No lo dice por las claras el escritor austriaco, pero la lección se desprende luminosa al referirse al intelectual León Bazalgette, quien, entre otros méritos, dedicó diez años a que los franceses se familiarizaran con Walt Whitman «mediante la traducción de toda su obra y una biografía monumental».
Según Zweig, Bazalgette empleaba su fuerza creadora en bien de las obras ajenas, «siempre dispuesto a aconsejar, imperturbable en su sinceridad… se preocupaba por todo lo que importaba a otros, pero nunca por su beneficio personal».
Se hicieron grandes amigos y nunca dejó Bazalgette de recibirlo en la estación de trenes, cada vez que el austriaco llegaba a París. «Pero lo mejor de nuestra amistad, lo que la hace inolvidable –cuenta Zweig– era que siempre tenía un punto delicado, cuya resistencia tenaz bajo circunstancias normales hubiera tenido que impedir, de otro modo, una intimidad social y sincera entre dos escritores».
Y quizá entre sonrojos, revela que «ese punto delicado consistía en que Bazalgette rechazaba con decisión todo cuanto yo escribía en aquellos tiempos, con una maravillosa sinceridad muy propia de él».
Armonizaban como dos hermanos, pero frente «a mis trabajos emitía un resuelto ¡no!». La crítica fundamental que le hacía Bazalgette a los escritos del amigo era que no tenían trabazón con la realidad y más bien se trataba de literatura esotérica. «Leal consigo mismo en una forma absoluta –escribe Zweig– no hacía concesiones en ese punto, ni siquiera la de la cortesía».
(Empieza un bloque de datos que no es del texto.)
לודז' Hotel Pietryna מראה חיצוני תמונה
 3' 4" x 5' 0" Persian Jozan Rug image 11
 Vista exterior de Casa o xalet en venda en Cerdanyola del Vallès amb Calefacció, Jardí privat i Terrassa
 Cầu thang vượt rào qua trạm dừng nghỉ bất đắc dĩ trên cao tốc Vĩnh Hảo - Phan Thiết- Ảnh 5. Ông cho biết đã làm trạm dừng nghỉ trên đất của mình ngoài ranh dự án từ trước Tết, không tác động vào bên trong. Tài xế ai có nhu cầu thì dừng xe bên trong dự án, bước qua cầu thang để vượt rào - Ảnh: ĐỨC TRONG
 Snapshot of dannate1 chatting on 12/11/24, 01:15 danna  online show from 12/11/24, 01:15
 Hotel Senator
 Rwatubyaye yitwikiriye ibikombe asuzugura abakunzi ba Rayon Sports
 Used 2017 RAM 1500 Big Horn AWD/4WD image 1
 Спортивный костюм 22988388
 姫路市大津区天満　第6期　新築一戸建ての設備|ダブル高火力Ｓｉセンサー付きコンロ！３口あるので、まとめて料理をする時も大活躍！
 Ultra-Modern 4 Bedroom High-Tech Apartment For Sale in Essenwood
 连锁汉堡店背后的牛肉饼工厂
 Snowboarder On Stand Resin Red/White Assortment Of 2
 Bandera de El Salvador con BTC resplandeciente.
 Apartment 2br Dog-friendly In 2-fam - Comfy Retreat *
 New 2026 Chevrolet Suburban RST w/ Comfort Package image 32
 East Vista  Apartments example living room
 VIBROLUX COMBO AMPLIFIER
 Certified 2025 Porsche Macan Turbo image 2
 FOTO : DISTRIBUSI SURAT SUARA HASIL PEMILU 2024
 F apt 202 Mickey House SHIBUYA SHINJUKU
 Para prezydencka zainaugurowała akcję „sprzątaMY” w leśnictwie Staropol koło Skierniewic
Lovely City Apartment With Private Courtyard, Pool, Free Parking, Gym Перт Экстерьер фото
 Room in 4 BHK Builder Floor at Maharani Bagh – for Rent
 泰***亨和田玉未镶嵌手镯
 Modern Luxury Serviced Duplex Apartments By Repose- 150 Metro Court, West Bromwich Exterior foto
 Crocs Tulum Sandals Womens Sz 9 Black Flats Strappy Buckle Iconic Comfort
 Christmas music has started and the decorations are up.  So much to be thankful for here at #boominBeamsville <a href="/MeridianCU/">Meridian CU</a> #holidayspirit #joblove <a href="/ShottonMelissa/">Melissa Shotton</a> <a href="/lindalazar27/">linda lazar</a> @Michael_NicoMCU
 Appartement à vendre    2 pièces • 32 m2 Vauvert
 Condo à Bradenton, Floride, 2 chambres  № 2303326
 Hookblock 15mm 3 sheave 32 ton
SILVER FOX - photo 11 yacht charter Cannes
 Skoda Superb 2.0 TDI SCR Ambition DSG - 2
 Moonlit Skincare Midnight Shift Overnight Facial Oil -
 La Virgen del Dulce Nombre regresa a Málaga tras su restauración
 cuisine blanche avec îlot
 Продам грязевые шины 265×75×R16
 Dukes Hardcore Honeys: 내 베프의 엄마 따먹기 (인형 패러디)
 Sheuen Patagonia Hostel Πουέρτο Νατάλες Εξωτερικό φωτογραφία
Bazalgette le solicitó incluso a Zweig que le buscara colaboraciones de otros escritores en lengua alemana para la revista que dirigía, «es decir, colaboraciones que fueran mejores que las mías propias; de mí mismo, su amigo más próximo, no solicitó ni publicó tenazmente una sola línea, si bien al mismo tiempo se sacrificaba revisando para una editorial, sin cobrar honorarios, por pura amistad, la traducción de uno de mis libros».
Años después, luego de alcanzar Stefan Zweig lo que él mismo reconoció como su «forma de expresión personal», el primer reconocimiento le llegó de parte de León Bazalgette y su dicha fue infinita «porque yo sabía que su aprobación de mis nuevas obras era tan sincera como durante diez años lo había sido su obstinado ¡no!».